Pour Andreu, c’est une stupidité. Ce n’est pas impossible – cela se fait dans certaines structures suspendues –, mais ici, ça n’a pas de sens. Il s’agit d’un caprice d’esthète.
[…]
Dans la ligne des architectes formalistes, [Spreckelsen et Reitzel] tenaient à ce que l’ossature du Cube apparût, fût-ce quelques jours. Ils l’avaient travaillée comme une sculpture. Elle devait être vue avant d’être masquée.
Aujourd’hui, la mégastructure [de la Grande Arche] est bien là, sous le verre et le marbre, mais personne ne l’a jamais vue, pas plus ceux qui l’ont dessinée, que ceux qui l’ont construite, ni quiconque.
Lorsque nous regardons le Parthénon, et tous les autres temples grecs ou romains, nous n’en voyons que l’ossature. Les revêtements de marbre et les bas-reliefs polychromes ont disparu depuis longtemps, rongés par les années et les éléments, volés par les hommes.

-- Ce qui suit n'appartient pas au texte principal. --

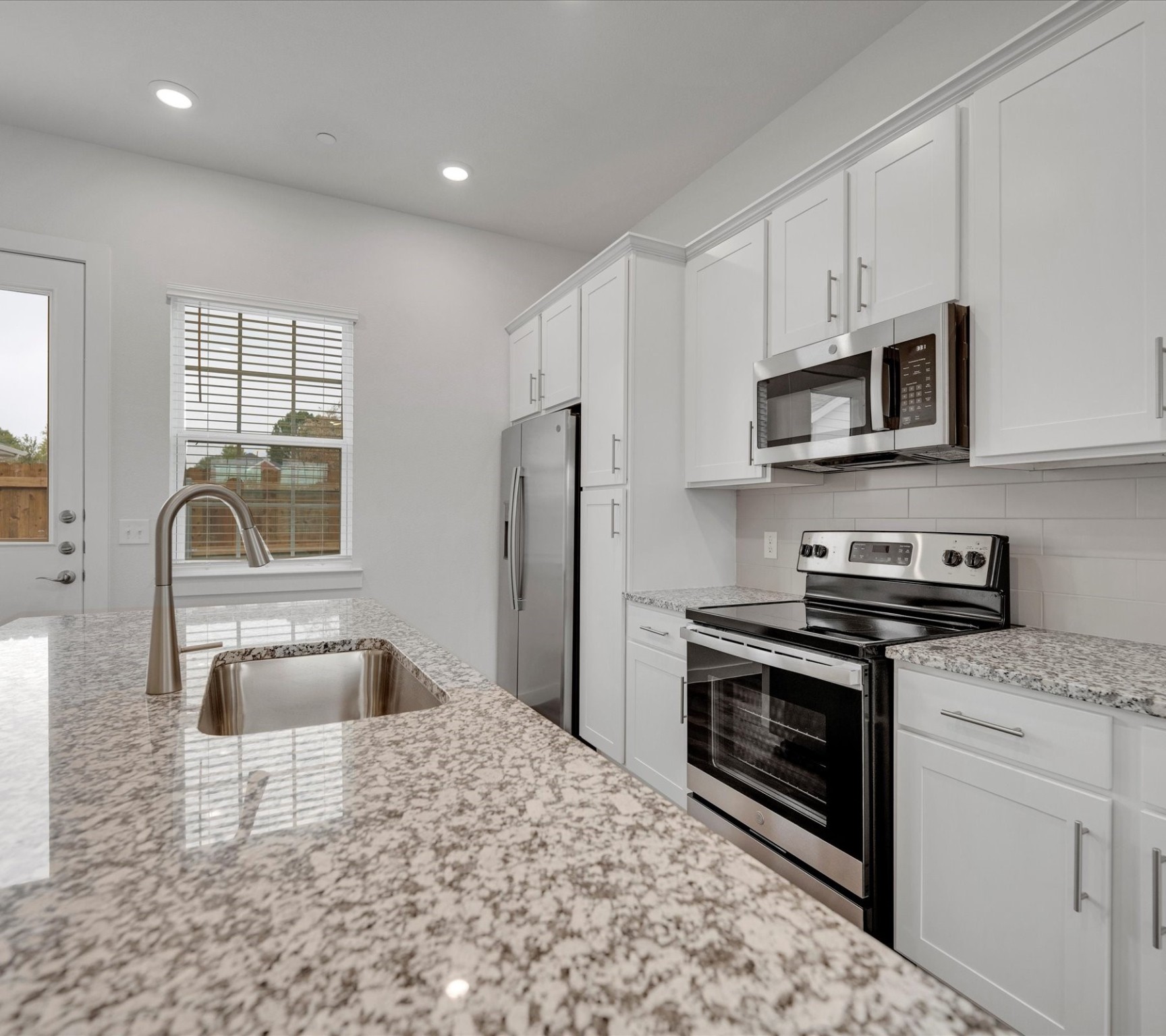 2709-813 Rockhill Road Property Photo 7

Nous ne voyons que les mégastructures et nous les admirons.
Peut-être que, dans deux mille ans, des hommes admireront tout ce qu’il restera de l’Arche, pas les façades de verre lisse ni les pignons plaqués de marbre, pulvérisés depuis longtemps, mais la splendide structure de béton que Spreckelsen et Reitzel auraient voulu bâtir avant de l’habiller et qu’ils n’ont jamais vue, non plus que quiconque. »

La Grande Arche.
Laurence Cossé. Gallimard 2016.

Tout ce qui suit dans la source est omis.